Does any of part of this scenario sound familiar? If so, keep reading, because this type of behavior is not characteristic of a loving relationship, but rather a toxic one. Before diving into ‘how to avoid’ toxic relationships, we must first examine the signs of a healthy one. 

A Healthy Relationship Starts With a Firm Foundation

In a dating relationship, for example, your firm foundation would be developing a strong friendship before moving forward in a longer-term commitment. This means when you spend time together you strive to get to know each other better by asking questions, listening to understand, bonding over core values, and supporting each other. These kinds of meaningful interactions focus on general love and respect towards the other person. If your bond strengthens, this could lead the way towards a healthy engagement and eventually marriage. 

More2Life, an outreach of New Life Solutions, encourages you to wait until marriage before engaging in sexual activity to avoid the risk of sexually transmitted diseases and teen pregnancy. These activities often bring to the surface many struggles and problems that could distract you from your goals and your future. 

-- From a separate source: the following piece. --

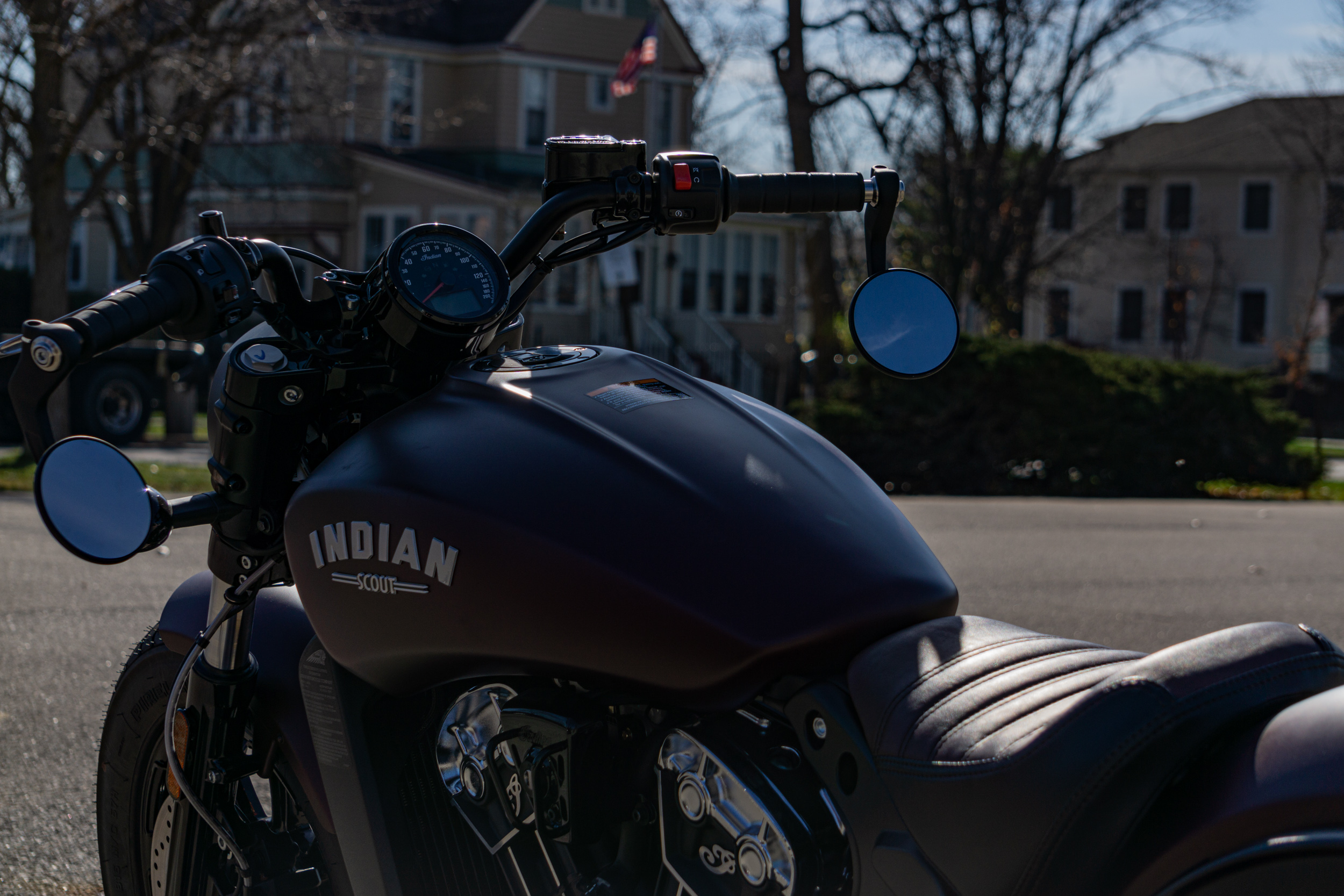 The rear 3/4 view of a 2021 Indian Scout Bobber motorcycle's handlebars and gauge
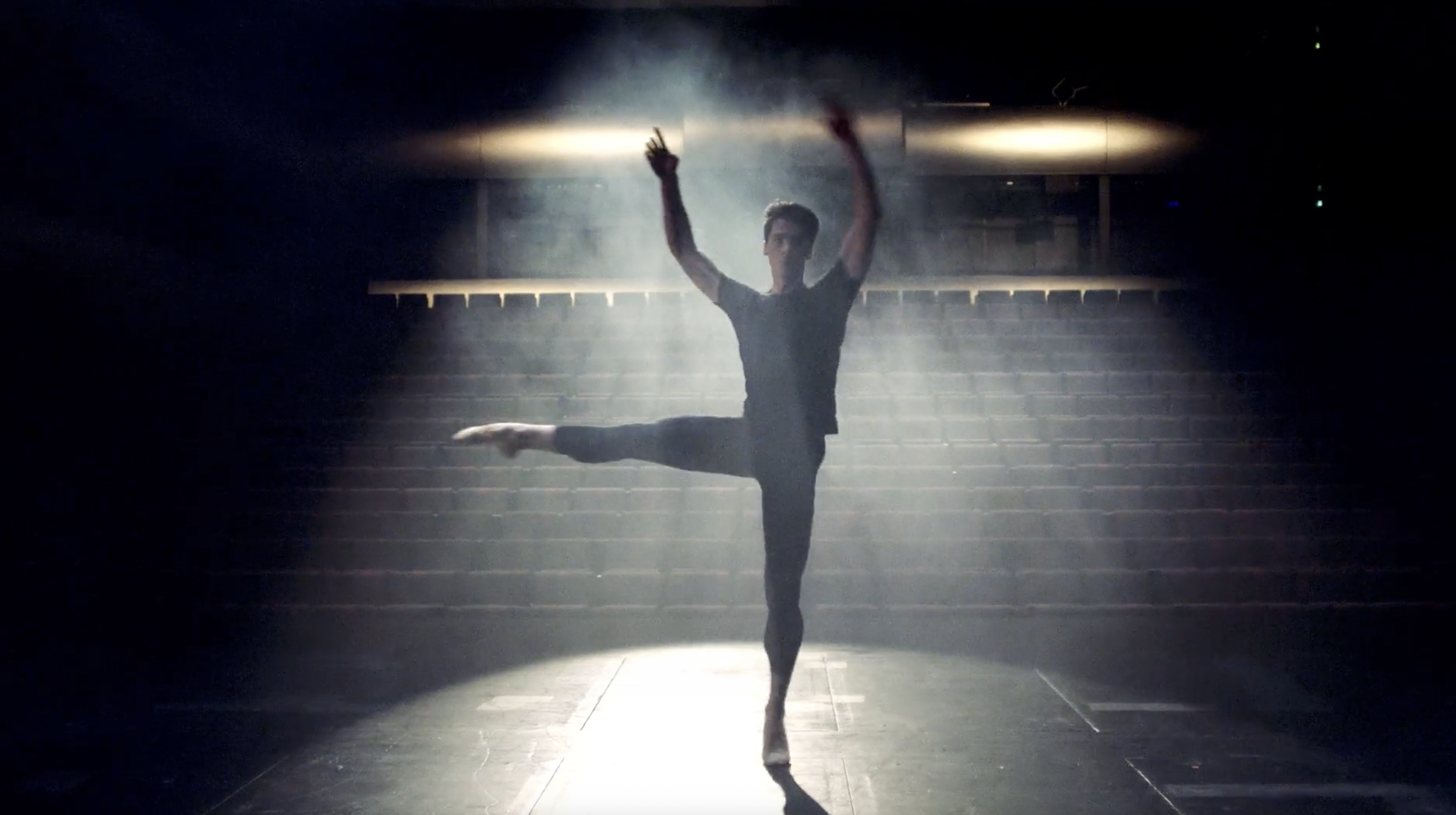 A male ballet dancer practicing alone on a dimly lit stage, with spotlight and smoke creating a dramatic atmosphere.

Avoiding Toxic Relationships

If you can relate to the toxic relationship scenario described earlier, you might wonder how to avoid toxic relationships moving forward. A good place to start is to surround yourself with healthy influences. These are people who have similar values, mindsets, and goals. Build an inner circle that you can trust, that will lift you up when you fall, and encourage you to be the best version of yourself. The next important step is to be aware of the red flags in both friendships and in dating relationships that indicate toxicity. 

These red flags include, but are not limited to:

  • Experimentation with drugs and alcohol

  • Patterns of violence

  • Jealousy

  • Lack of trust

  • Lack of boundaries

  • Disrespectful speech

  • Controlling and/or manipulative behavior

  • Inconsiderate or selfish behavior

  • Frequent lying

  •  Disregard of authority or rules 

If you notice any of these red flags, the best and easiest thing you can do is to end the relationship early. The longer you wait, the harder it will be to leave. Do not be deceived into thinking that you can change them, or that you are the problem. If you are having trouble ending a toxic relationship, seek wise counsel from someone you trust. The worst thing you can do is suffer in silence and isolation.

You are worth more than your toxic relationship makes you feel.

More2Life encourages you to make the best possible choices for your future because we know that every single decision we make now affects our present and future.